Aprendi, nestes anos de vida pública, que a maioria dos políticos não cultiva o hábito de respeitar e honrar o esforço dos outros. Essa dura realidade me leva a repetir sempre que o principal atributo de um governante deve ser a humildade.

No lava-pés da Semana Santa, Cristo nos ensina essa noção. Um líder presta serviço. Essa é a humildade verdadeira do chefe. A humildade apregoada sempre cheira a farisaísmo. A humildade real se revela no reconhecimento da capacidade alheia, na gratidão pelo que foi feito pelos outros, no espírito de serviço, sem invejas e sem rancores.

Quem chega ao poder e acha que tudo está na estaca zero ou é ignorante ou arrogante. Desconhece o que anda ao seu redor, aqui e lá fora, e revela incomensurável soberba.

Esse refrão que o Lula repete a todo momento, "nunca, antes de mim, etc.", levado à analise, seria muito comprometedor! Essa mania de achar que a História do País está começando com ele, isso é muito grave. Já foi até definido como Complexo de Pedro Álvares Cabral...

Que injustiça com o nosso bom Cabral! O excelente navegador português, ao contrário do que os compêndios positivistas da Primeira República faziam crer, sabia muito bem o que estava fazendo. Não dependia de acasos nem cometia erros. Usou mapas de seus antecessores e sempre soube que a chegada àquelas terras não era um descobrimento. Cumpriu, zelosamente, mais uma etapa nos grandes feitos da navegação portuguesa. Sabia que estava demarcando um território que, visitado por muitos e por muitos cobiçado, pertencia ao Reino de Portugal, pelo Tratado de Tordesilhas. Foi um grande marinheiro, não um pirata. Não comandou para pilhar.

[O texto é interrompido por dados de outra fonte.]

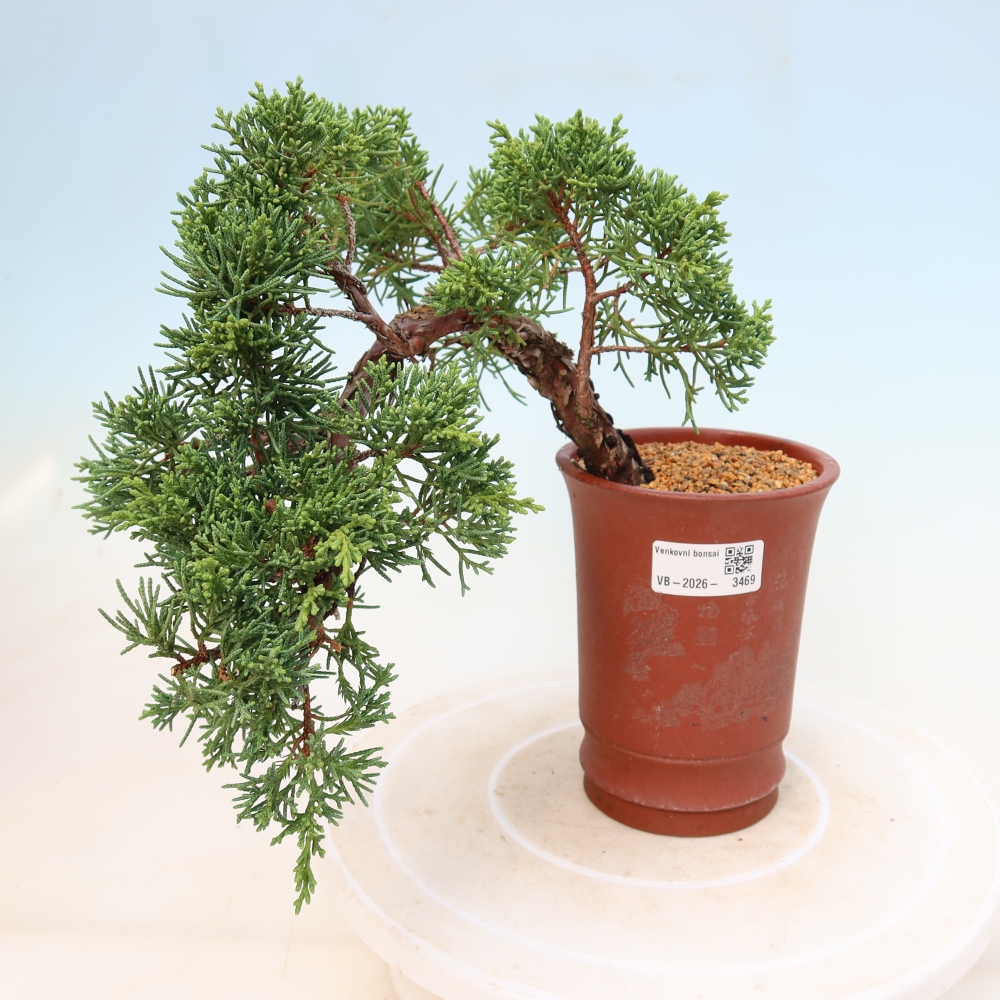Kültéri bonsai - Juniperus chinensis Kishu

Não se achava o Primeiro do Mundo. Nada tem que ver com o caso de Lula. Esse não tem alma para entender que só está colhendo o que outros plantaram antes dele.

Como observa Eduardo Giannetti, o governante, como todo mundo, é obrigado a fazer uma escolha intertemporal. Antecipar ou retardar? Importar valores do futuro para desfrute imediato? Ou remeter valores do presente para desfrute futuro? Infelizmente, essa não é a filosofia de Lula. A filosofia dele é a dos piratas.

Ganhe a luta! Saqueie o que encontrar! Aproprie-se do tesouro que achar! Não acredite no amanhã. O dia é hoje. A hora é agora!

Lula pensa assim e seus seguidores, também. Jamais pensarão no poder como prestação de serviço. Não sabem colher com gratidão. Não sabem semear com generosidade. Por isso não sabem governar. Não ficam aos pés do povo. Querem o povo a seus pés. Não sabem servi-lo, mas sabem servir-se dele.